GOAL OF THE EXERCISE:
Repeat exactly the lines beginning at the one that contains "Round black table" and running to the end of the material. Omit the pictures.

DATASET EXCERPT:
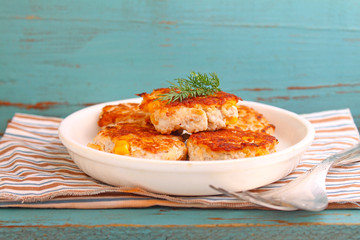 cutlets from poultry with grains of corn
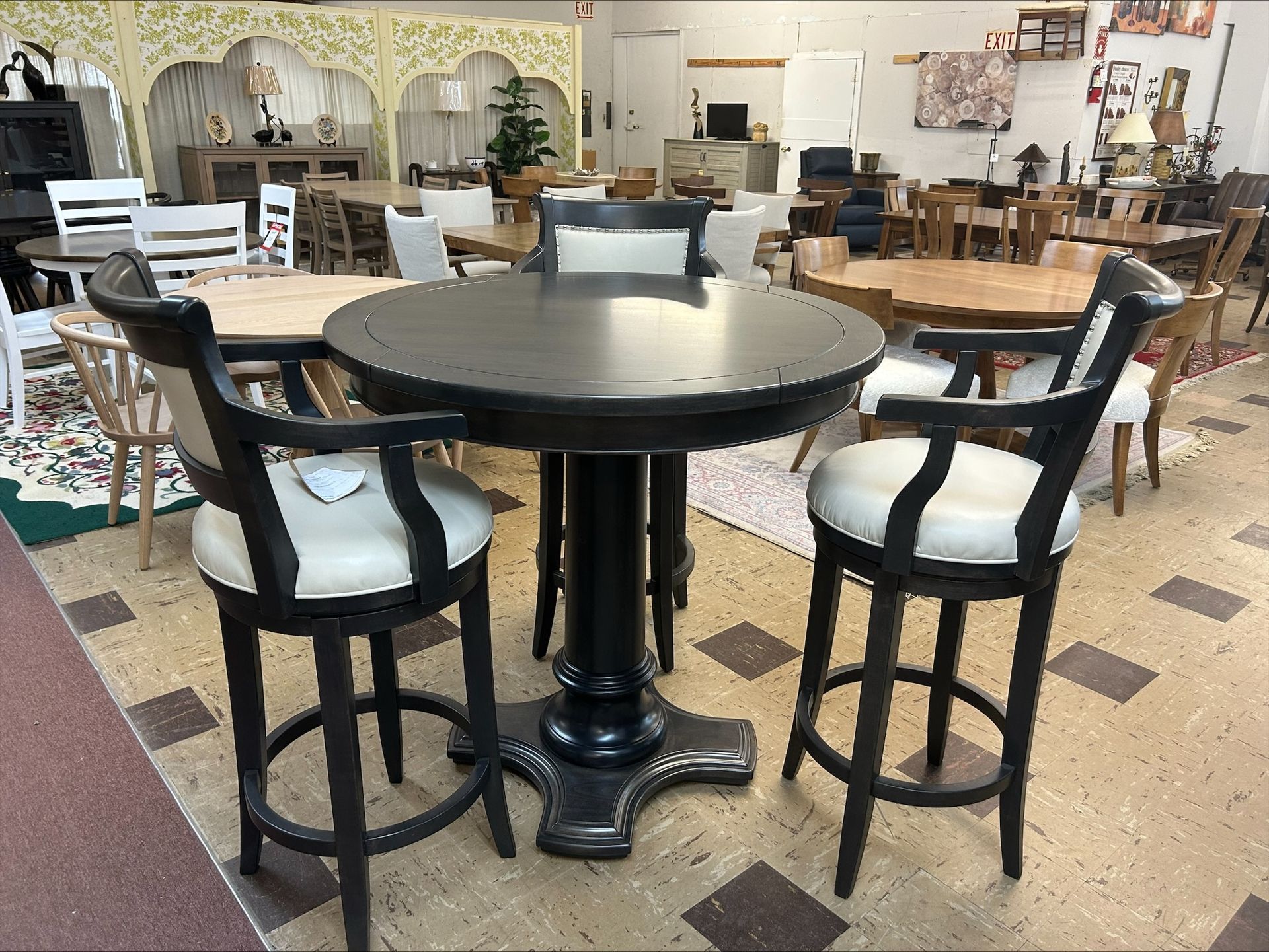Round black table with four chairs in a furniture showroom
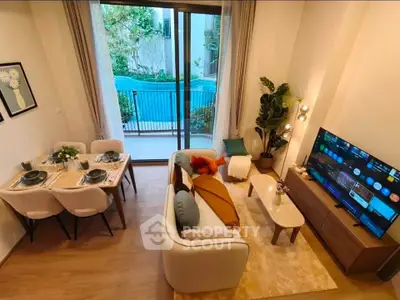 Stylish living room with pool view, modern decor, and cozy seating area.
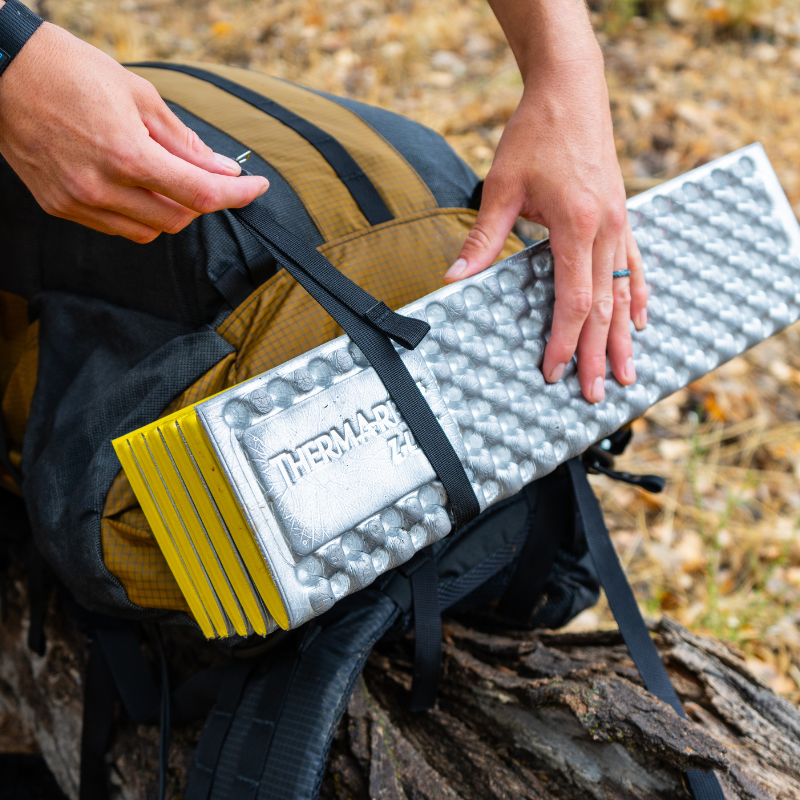 close up view of a hand hooking a gatekeeper strap to a loop on a Coyote brown backpack to secure a sleeping pad to the bottom of a backpack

ANSWER TO THIS PROBLEM:
Round black table with four chairs in a furniture showroom
 Stylish living room with pool view, modern decor, and cozy seating area.
 close up view of a hand hooking a gatekeeper strap to a loop on a Coyote brown backpack to secure a sleeping pad to the bottom of a backpack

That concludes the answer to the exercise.